─── DATA FOR THIS TASK
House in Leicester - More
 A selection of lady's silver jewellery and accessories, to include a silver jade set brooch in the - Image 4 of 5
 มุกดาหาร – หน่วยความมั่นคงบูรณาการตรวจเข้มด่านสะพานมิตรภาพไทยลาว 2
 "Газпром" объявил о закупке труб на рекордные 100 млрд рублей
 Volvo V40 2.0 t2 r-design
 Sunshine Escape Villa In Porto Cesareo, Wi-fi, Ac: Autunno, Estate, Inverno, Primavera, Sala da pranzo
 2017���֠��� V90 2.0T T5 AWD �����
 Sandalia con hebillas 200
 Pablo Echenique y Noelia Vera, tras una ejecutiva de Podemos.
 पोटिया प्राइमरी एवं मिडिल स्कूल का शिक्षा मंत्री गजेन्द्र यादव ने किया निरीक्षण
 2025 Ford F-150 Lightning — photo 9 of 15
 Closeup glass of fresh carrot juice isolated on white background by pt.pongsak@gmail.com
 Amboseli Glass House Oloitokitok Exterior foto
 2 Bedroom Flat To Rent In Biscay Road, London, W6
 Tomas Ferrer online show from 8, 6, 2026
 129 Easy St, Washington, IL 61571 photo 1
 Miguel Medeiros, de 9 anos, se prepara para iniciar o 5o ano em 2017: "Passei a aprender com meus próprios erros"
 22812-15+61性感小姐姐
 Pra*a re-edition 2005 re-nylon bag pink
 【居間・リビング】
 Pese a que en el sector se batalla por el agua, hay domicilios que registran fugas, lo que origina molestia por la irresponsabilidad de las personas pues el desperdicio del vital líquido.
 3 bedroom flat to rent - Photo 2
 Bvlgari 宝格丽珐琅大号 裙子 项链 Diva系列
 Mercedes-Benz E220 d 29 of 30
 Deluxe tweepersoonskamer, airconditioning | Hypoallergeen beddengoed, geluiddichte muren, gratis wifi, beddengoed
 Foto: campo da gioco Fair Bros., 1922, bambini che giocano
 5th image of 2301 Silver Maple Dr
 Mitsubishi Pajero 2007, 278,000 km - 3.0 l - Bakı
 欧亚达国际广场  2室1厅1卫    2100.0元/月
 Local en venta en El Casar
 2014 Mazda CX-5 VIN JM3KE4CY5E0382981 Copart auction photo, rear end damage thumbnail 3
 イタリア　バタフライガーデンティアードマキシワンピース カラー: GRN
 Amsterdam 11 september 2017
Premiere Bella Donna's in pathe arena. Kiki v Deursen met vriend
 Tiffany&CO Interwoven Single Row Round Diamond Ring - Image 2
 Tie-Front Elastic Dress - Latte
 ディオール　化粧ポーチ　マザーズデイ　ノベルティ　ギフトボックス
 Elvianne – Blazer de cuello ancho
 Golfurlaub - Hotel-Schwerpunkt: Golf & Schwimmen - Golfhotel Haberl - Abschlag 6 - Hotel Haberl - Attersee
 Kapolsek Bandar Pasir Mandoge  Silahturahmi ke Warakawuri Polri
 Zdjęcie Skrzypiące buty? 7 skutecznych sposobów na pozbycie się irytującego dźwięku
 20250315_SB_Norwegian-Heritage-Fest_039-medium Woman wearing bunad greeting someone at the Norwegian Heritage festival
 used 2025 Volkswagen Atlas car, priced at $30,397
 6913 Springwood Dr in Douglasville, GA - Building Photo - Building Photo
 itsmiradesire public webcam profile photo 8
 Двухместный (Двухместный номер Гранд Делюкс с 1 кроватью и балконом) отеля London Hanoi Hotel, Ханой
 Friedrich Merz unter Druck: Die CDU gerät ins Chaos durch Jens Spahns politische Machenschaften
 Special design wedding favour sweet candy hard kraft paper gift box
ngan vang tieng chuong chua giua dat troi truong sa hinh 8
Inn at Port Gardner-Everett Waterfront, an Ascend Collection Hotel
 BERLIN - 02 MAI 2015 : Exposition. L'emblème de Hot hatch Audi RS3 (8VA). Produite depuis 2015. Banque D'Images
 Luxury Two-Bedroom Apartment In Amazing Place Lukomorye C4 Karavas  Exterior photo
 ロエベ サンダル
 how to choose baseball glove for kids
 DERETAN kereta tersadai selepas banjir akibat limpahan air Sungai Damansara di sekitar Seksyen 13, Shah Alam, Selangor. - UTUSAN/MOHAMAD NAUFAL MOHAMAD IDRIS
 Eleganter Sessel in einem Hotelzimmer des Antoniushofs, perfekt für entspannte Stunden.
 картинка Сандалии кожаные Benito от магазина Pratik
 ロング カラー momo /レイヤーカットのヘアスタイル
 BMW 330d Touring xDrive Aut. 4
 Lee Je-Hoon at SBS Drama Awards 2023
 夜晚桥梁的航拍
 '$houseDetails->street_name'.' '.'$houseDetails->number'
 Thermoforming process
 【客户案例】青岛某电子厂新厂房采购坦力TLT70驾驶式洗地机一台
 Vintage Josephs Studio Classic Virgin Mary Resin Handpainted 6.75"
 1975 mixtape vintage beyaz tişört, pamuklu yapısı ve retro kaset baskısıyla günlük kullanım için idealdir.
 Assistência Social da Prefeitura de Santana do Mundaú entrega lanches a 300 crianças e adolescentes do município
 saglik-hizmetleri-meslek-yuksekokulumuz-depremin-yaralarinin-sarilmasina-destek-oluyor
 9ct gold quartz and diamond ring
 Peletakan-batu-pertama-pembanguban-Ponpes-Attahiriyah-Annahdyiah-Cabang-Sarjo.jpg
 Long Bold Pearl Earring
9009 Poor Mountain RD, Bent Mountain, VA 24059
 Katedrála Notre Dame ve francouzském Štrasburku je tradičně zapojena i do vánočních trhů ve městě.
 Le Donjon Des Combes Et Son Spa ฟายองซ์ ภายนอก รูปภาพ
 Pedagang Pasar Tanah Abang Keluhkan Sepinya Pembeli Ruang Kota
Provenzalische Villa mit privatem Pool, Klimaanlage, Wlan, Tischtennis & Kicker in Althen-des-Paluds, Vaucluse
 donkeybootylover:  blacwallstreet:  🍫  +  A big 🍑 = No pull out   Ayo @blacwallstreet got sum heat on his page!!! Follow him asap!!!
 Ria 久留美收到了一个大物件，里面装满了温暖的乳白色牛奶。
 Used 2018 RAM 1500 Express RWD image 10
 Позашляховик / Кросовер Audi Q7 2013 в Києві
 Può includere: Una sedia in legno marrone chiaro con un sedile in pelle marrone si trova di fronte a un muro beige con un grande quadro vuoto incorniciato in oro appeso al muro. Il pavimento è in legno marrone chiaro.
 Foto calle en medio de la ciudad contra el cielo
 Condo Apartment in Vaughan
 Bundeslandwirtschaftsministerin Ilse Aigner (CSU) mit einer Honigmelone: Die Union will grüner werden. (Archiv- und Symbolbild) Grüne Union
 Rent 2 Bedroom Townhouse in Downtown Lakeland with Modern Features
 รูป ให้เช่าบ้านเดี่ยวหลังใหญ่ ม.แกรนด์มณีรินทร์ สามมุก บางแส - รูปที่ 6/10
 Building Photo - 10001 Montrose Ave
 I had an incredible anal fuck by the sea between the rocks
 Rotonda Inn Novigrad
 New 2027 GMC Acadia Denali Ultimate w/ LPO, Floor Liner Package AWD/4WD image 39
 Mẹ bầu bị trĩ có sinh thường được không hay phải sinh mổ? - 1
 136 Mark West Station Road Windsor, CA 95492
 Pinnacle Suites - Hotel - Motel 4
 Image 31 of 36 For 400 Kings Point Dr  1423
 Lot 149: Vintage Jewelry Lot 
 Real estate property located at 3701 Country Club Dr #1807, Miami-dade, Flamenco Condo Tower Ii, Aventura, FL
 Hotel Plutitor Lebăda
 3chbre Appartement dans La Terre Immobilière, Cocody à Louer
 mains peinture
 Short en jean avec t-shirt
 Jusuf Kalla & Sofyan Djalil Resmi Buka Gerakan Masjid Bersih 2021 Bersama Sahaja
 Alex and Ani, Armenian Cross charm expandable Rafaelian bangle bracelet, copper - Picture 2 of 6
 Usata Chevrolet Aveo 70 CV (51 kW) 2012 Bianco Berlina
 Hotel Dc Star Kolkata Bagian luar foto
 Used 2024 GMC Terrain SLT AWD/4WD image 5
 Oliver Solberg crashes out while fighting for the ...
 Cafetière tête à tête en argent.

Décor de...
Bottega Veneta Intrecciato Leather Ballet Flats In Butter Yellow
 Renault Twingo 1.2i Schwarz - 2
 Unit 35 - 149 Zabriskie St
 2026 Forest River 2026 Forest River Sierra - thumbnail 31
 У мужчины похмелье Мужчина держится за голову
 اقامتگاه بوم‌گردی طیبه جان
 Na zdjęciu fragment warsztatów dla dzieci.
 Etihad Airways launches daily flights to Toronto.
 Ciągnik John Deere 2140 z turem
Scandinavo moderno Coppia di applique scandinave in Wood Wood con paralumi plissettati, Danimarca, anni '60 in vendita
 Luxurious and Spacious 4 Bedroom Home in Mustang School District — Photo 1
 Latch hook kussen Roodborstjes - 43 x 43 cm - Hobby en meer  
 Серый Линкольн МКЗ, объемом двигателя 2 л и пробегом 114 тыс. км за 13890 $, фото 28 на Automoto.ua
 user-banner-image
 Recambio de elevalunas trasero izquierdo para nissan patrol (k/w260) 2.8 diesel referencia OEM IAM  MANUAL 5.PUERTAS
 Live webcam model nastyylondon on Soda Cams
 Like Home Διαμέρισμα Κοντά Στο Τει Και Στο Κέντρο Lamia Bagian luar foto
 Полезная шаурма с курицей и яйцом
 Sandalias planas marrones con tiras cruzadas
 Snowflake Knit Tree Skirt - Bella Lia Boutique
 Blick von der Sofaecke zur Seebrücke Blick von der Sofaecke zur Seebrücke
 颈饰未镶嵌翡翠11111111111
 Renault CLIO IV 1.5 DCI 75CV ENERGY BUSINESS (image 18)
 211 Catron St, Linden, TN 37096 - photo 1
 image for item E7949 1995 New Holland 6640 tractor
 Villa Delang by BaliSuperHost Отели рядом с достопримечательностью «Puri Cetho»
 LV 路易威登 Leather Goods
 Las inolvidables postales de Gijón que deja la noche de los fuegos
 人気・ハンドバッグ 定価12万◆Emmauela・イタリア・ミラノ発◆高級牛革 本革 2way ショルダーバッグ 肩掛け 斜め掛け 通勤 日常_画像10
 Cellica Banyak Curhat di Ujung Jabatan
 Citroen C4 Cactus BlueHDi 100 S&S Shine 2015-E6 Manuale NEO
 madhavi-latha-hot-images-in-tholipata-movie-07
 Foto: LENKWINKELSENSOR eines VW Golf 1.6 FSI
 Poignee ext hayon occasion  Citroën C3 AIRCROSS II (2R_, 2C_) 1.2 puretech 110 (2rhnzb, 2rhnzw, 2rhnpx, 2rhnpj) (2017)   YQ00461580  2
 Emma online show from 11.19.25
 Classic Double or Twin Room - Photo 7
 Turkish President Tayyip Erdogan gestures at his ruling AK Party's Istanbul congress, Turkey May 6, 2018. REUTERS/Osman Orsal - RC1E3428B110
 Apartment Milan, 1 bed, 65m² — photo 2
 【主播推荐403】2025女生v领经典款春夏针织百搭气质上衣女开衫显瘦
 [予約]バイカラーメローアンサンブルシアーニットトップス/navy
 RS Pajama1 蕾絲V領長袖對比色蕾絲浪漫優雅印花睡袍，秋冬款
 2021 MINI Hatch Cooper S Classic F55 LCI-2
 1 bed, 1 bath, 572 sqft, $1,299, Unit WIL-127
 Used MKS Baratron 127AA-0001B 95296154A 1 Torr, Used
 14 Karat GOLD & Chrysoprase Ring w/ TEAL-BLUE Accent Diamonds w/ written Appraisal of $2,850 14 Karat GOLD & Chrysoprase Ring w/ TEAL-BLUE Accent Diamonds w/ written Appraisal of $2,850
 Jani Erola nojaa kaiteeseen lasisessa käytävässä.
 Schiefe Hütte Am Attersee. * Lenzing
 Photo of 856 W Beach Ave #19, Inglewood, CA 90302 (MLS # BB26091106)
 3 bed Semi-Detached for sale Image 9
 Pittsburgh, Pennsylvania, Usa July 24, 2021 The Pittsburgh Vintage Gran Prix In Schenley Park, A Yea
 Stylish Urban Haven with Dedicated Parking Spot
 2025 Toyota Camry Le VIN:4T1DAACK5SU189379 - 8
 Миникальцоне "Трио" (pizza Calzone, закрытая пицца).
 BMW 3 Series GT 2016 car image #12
──────
* _TASK TO CARRY OUT_:
Among the entries above, locate the lines containing "Mercedes-Benz E220 d 29 of 30" and "ngan vang tieng", and transcribe exactly those two lines and all lines between.

* _SOLUTION TO THE PROBLEM_:
 Mercedes-Benz E220 d 29 of 30
 Deluxe tweepersoonskamer, airconditioning | Hypoallergeen beddengoed, geluiddichte muren, gratis wifi, beddengoed
 Foto: campo da gioco Fair Bros., 1922, bambini che giocano
 5th image of 2301 Silver Maple Dr
 Mitsubishi Pajero 2007, 278,000 km - 3.0 l - Bakı
 欧亚达国际广场  2室1厅1卫    2100.0元/月
 Local en venta en El Casar
 2014 Mazda CX-5 VIN JM3KE4CY5E0382981 Copart auction photo, rear end damage thumbnail 3
 イタリア　バタフライガーデンティアードマキシワンピース カラー: GRN
 Amsterdam 11 september 2017
Premiere Bella Donna's in pathe arena. Kiki v Deursen met vriend
 Tiffany&CO Interwoven Single Row Round Diamond Ring - Image 2
 Tie-Front Elastic Dress - Latte
 ディオール　化粧ポーチ　マザーズデイ　ノベルティ　ギフトボックス
 Elvianne – Blazer de cuello ancho
 Golfurlaub - Hotel-Schwerpunkt: Golf & Schwimmen - Golfhotel Haberl - Abschlag 6 - Hotel Haberl - Attersee
 Kapolsek Bandar Pasir Mandoge  Silahturahmi ke Warakawuri Polri
 Zdjęcie Skrzypiące buty? 7 skutecznych sposobów na pozbycie się irytującego dźwięku
 20250315_SB_Norwegian-Heritage-Fest_039-medium Woman wearing bunad greeting someone at the Norwegian Heritage festival
 used 2025 Volkswagen Atlas car, priced at $30,397
 6913 Springwood Dr in Douglasville, GA - Building Photo - Building Photo
 itsmiradesire public webcam profile photo 8
 Двухместный (Двухместный номер Гранд Делюкс с 1 кроватью и балконом) отеля London Hanoi Hotel, Ханой
 Friedrich Merz unter Druck: Die CDU gerät ins Chaos durch Jens Spahns politische Machenschaften
 Special design wedding favour sweet candy hard kraft paper gift box
ngan vang tieng chuong chua giua dat troi truong sa hinh 8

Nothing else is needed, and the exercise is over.